Required work —
What are the lines below, starting at the line containing "this 845×633 image." and ending at the line containing "this 450×450 image."? Write them out exactly, ends included, without pictures.

Records to use —
===============

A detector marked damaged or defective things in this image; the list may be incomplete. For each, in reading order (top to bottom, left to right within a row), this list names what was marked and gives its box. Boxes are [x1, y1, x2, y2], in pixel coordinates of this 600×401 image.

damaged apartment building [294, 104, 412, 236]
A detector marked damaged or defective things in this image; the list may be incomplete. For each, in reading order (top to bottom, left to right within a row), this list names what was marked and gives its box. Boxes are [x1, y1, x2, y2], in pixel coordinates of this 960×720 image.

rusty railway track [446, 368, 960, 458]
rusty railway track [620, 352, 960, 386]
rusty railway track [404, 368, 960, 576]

===============

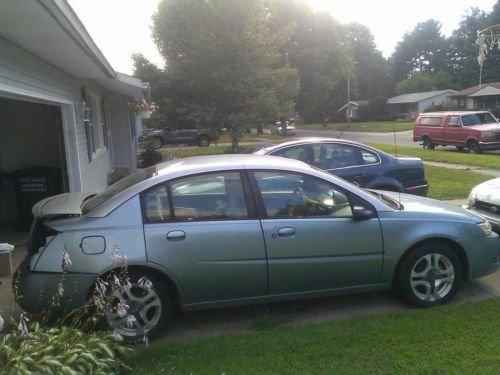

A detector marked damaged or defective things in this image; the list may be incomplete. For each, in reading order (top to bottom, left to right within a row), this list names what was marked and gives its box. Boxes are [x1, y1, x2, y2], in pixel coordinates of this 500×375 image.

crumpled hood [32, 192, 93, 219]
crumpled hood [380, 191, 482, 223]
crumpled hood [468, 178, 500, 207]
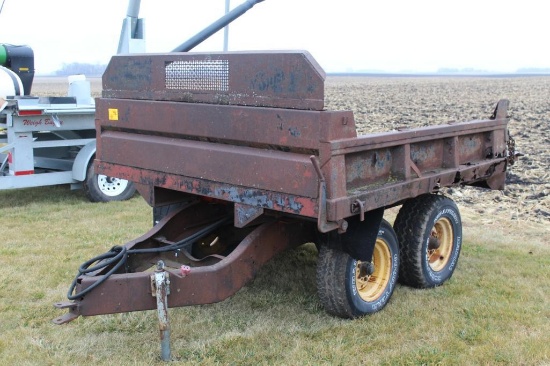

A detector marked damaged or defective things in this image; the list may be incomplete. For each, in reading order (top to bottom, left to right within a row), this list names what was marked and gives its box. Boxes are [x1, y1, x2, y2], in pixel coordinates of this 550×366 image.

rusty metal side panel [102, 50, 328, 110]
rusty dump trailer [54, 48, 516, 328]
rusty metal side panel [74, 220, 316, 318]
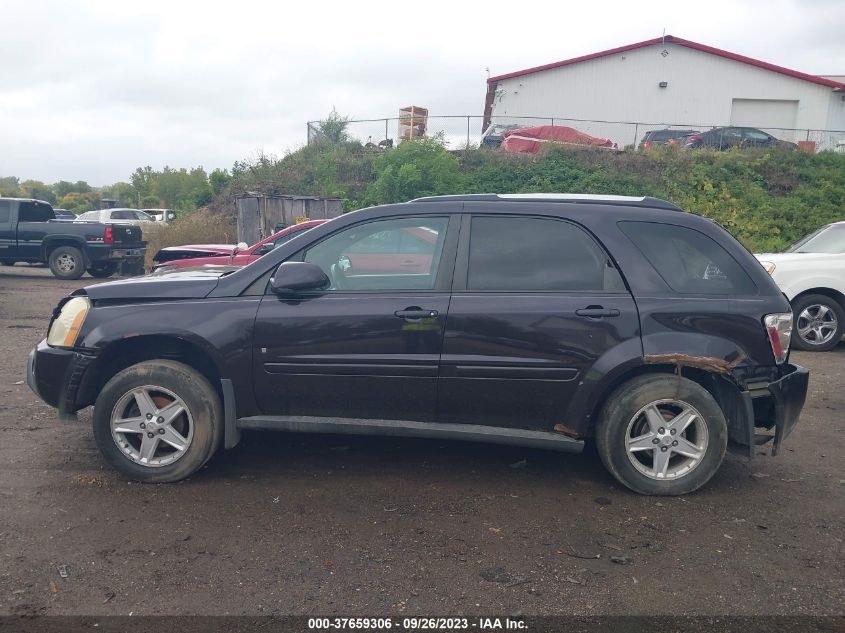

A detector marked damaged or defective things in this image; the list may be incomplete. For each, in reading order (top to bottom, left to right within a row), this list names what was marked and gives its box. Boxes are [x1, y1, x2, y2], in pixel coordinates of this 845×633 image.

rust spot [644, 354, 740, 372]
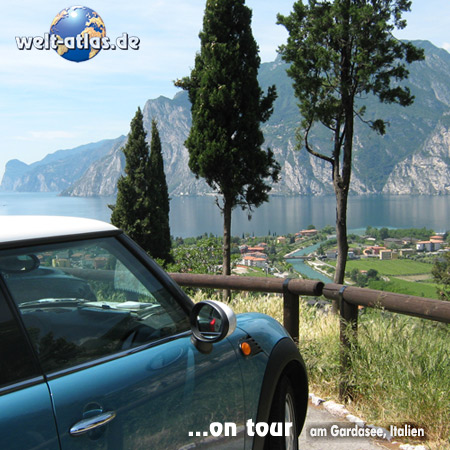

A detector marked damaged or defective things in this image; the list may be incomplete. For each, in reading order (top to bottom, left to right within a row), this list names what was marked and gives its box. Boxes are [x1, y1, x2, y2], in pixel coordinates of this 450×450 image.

===============

Result of this task —
A detector marked damaged or defective things in this image; the list may be incomplete. For each, in reading order (top to bottom, left to right within a row), this list names what was marked and gives its box. Boxes are [x1, y1, x2, y2], in pixel coordinates of this 845×633 image.

rust spot [644, 354, 740, 372]

A detector marked damaged or defective things in this image; the list may be incomplete. For each, in reading order (top to bottom, left to right within a row), this list names what was marked and gives its box. Boxes are [x1, y1, x2, y2], in pixel coordinates of this 450×450 image.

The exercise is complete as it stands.